妻:大災害の後の自粛ムードで、なんとなく公表するきっかけを失って。ようやくその翌年、披露宴をやったんです。
夫:マスコミからは「感謝婚」なんて書かれて。
妻:まあ、この人にはさんざん、お世話になりましたから(笑)。
夫:僕、映像の制作会社のアシスタントプロデューサーをしてたんです。
妻:撮影場所で、何やら関西弁で大声でしゃべってる人がいて。何者なの?って思ってた。
夫:もともと彼女の大ファンだったんです。初めて生で見て、うわ! ほんとにきれいだな、と。衝撃を受けました。そこからはもう、何とかこっちを向いてもらおうと。必死でした。

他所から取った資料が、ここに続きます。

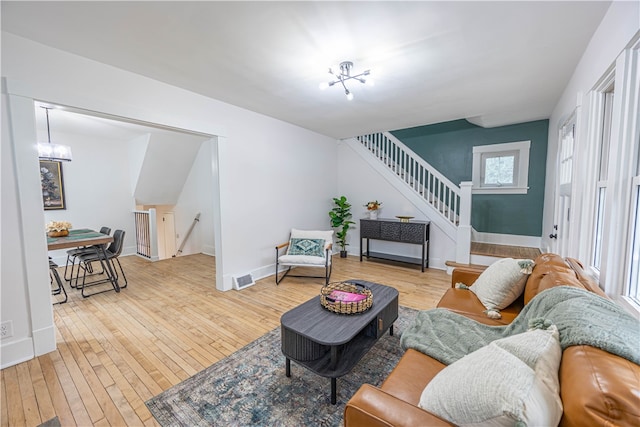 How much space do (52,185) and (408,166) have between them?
6699 mm

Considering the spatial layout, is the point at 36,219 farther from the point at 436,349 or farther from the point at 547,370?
the point at 547,370

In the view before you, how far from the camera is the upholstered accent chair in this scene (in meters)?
3.79

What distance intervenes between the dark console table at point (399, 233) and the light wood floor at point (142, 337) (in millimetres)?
355

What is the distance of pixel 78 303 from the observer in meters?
3.20

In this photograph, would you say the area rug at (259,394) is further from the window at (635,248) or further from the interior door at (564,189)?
the interior door at (564,189)

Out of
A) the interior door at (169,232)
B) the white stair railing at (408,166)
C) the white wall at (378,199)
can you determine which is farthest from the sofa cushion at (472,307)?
the interior door at (169,232)

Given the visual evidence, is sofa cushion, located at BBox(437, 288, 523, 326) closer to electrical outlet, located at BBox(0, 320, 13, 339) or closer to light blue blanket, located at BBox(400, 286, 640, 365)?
light blue blanket, located at BBox(400, 286, 640, 365)

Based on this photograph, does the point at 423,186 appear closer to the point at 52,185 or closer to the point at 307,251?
the point at 307,251

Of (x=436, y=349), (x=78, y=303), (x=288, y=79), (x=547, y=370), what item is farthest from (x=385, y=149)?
(x=78, y=303)

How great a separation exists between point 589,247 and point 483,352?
1779mm

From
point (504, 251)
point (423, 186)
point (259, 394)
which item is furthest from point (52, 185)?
point (504, 251)

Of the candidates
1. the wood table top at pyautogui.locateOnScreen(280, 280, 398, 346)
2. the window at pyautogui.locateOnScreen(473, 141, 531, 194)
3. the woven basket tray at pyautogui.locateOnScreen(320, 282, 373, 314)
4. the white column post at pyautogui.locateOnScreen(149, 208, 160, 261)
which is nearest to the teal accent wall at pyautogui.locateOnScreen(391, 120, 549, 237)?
the window at pyautogui.locateOnScreen(473, 141, 531, 194)

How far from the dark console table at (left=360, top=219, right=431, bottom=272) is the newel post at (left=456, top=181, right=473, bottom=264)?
1.65 ft

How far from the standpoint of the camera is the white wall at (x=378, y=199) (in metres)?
4.54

妻:必要もないのに、周りをうろちょろ。おかしな人だなあと。で、そのお仕事が終わって、2カ月ぐらいしたら、また同じ会社から出演依頼があって。そんな頻度で同じ会社からオファーがあるなんて、めったにないことなんです。
夫:独断で、僕がキャスティングしました(笑)。
妻:私が30ぐらいでした。彼の会社に所属していた若手俳優の一人が、私にすごくなついてきて……この人、それに便乗したの!
夫:そりゃもう、使えるもんは、何でも使わな。
妻:一緒にご飯行きましょうか、って言ってたら、横から「はいはーい! 僕も行きまーす!」って(笑)。
――努力の甲斐あって(?)、何とか「お友達」に格上げされた夫。だが当時、妻には夫がいた。
妻:ちょうど、仕事も家庭も大変なときだったんです。私の母が重度のうつ病になってしまって、京都から私の家へ引き取った。けれど、私は母と夫の板挟みに……。とにかく我慢、我慢の日々でした。
夫:仕事に出れば、きれいで気丈なキャラクターを演じなきゃならないしね。
妻:そんな心の隙間に、この人がぐいぐい入ってきて。
夫:そんな、寄生虫みたいに言わんでも……。